The corridors that stretched along the back of the house, leading to the french doors to the garden seemed to be ever out of reach as he hurried. The steady tap of those footsteps that only a few minutes ago seemed to announce his melancholic introspection had turned to the rapid drumming of his heart as he rushed. Too late, he saw that it was not himself from the past that he sought to save and his effort would be just as futile. The beautiful doors to the garden were left wide open, the sharp breeze from the damp cold swirling about him as he finally came to them. It seemed as though the scene before him were a dream that had swallowed his voice as he called. There stood Charlotte, her face a mask of anger and bitter tears streaming black down her face. In her hand, she clutched the stem of a rose she’d pulled off a nearby bush, her gloves ruined from the stains quickly spreading through the white. He called again, rushing from the doors to where she stood but she did not respond. Instead, she marched as though pulled about like a puppet, her steps faster than his own could reach her. She was soon out of reach and by the time that he’d followed her trail to the circle drive in front of the house, he arrived only in time to see her car enter the forest trail off the property.
Victor looked back and saw that behind him lay a trail of petals, strewn about the green of the grass.

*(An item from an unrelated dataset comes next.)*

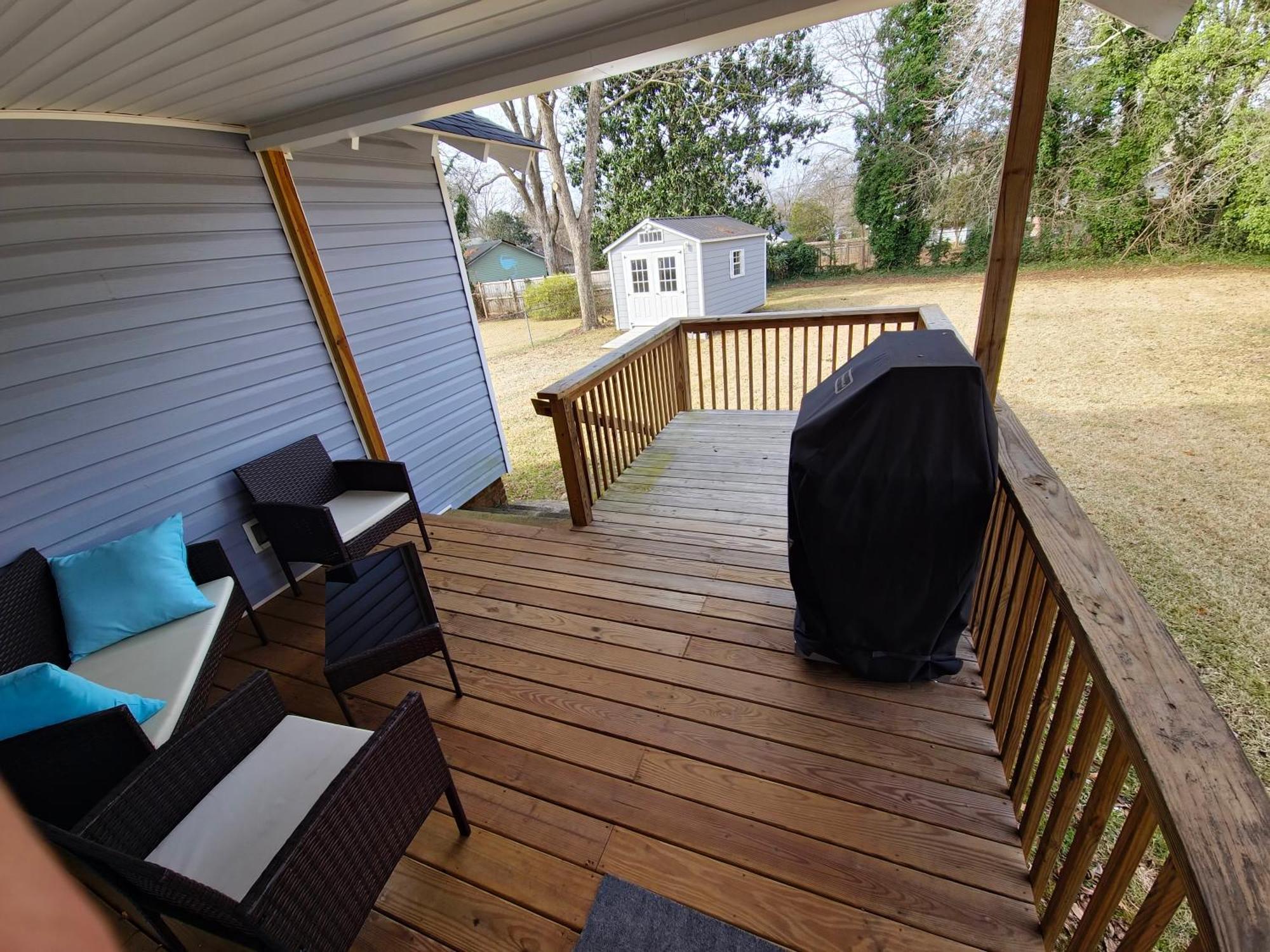 Cozy Swamp Rabbit - Sans Souci Greenville Furman Εξωτερικό φωτογραφία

He followed them back the way he had come only to see something white lying in the grass where Charlotte had stood. Victor moved slowly, wondering if it was one of her gloves. He was repulsed at the memory of how the red had been spreading through the white satin so quickly. What madness had possessed her, he could not tell but it haunted him to think of it. As he approached the rose bush, however, he saw that it was not a soiled glove but rather a piece of paper. A letter that was marked with black tear stains and smears of blood on the edges, left crumpled in the grass. Victor took the defeated paper from the ground just as the first large rain drop spattered on its surface. He tucked it into his pocket as the rain began to pour.